Segment Start: Information supplied
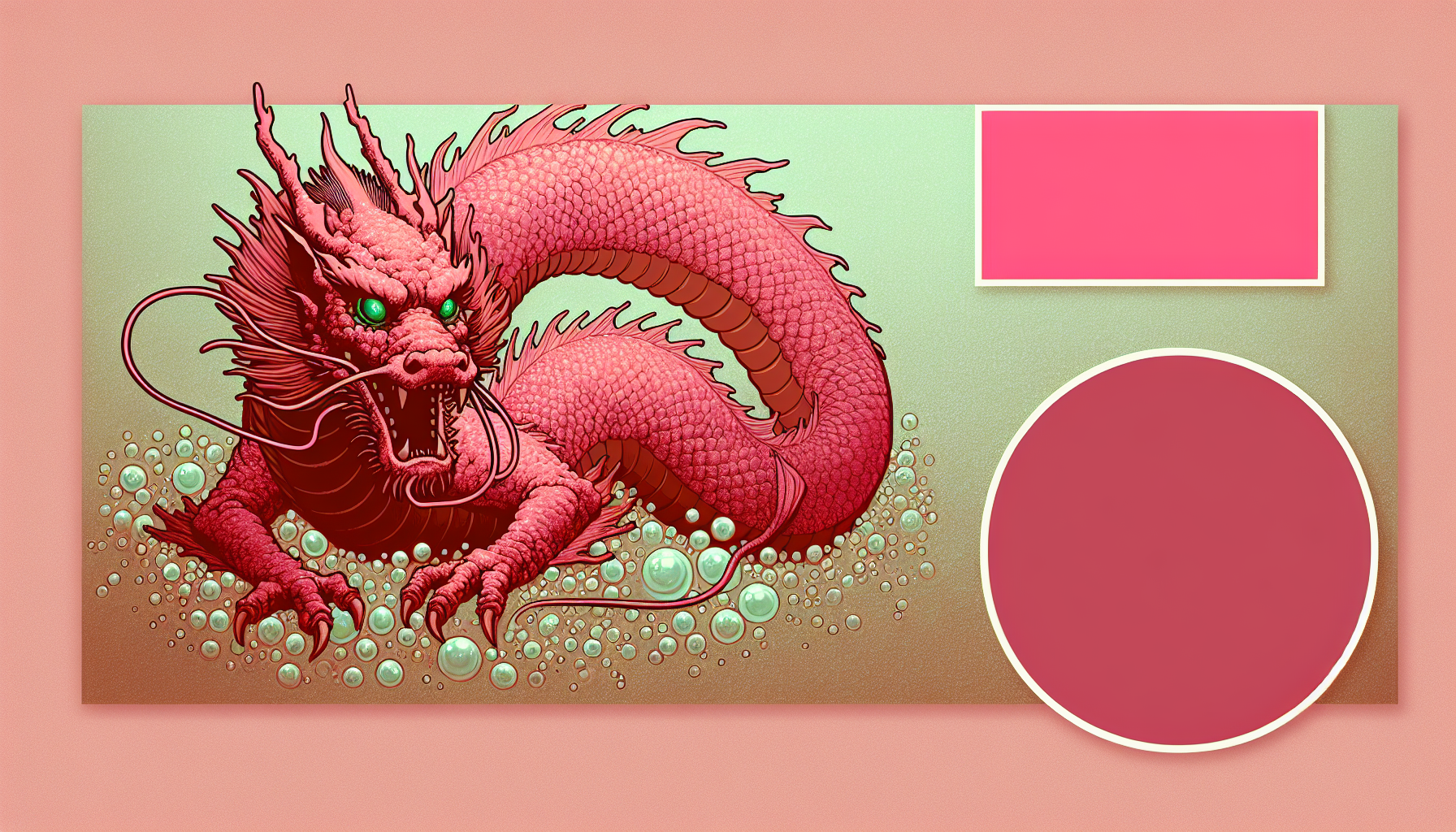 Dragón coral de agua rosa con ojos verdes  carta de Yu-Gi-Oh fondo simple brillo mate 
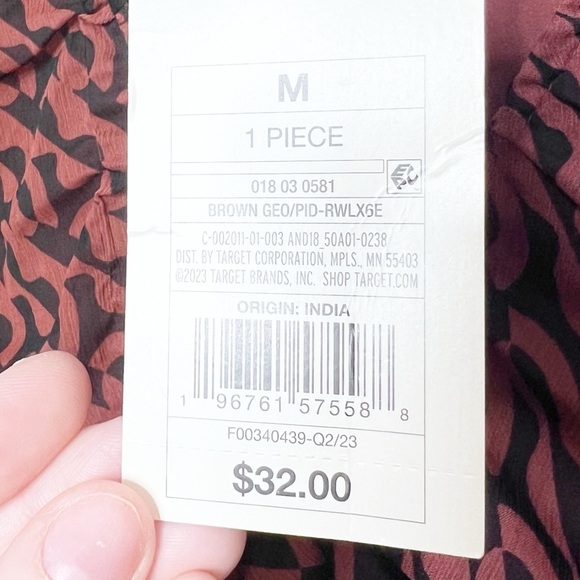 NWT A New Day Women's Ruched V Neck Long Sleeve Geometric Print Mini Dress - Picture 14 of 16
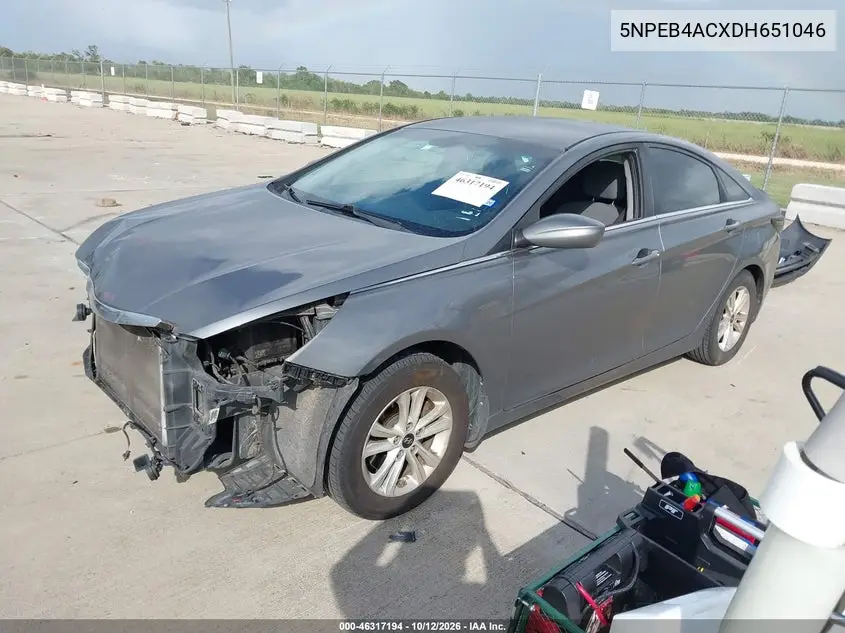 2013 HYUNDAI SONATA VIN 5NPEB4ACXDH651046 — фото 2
Segment End: Information supplied
→ About this exercise:
Repeat the data exactly. Pictures should not appear.

→ Answer to the problem:
 Dragón coral de agua rosa con ojos verdes  carta de Yu-Gi-Oh fondo simple brillo mate 
 NWT A New Day Women's Ruched V Neck Long Sleeve Geometric Print Mini Dress - Picture 14 of 16
 2013 HYUNDAI SONATA VIN 5NPEB4ACXDH651046 — фото 2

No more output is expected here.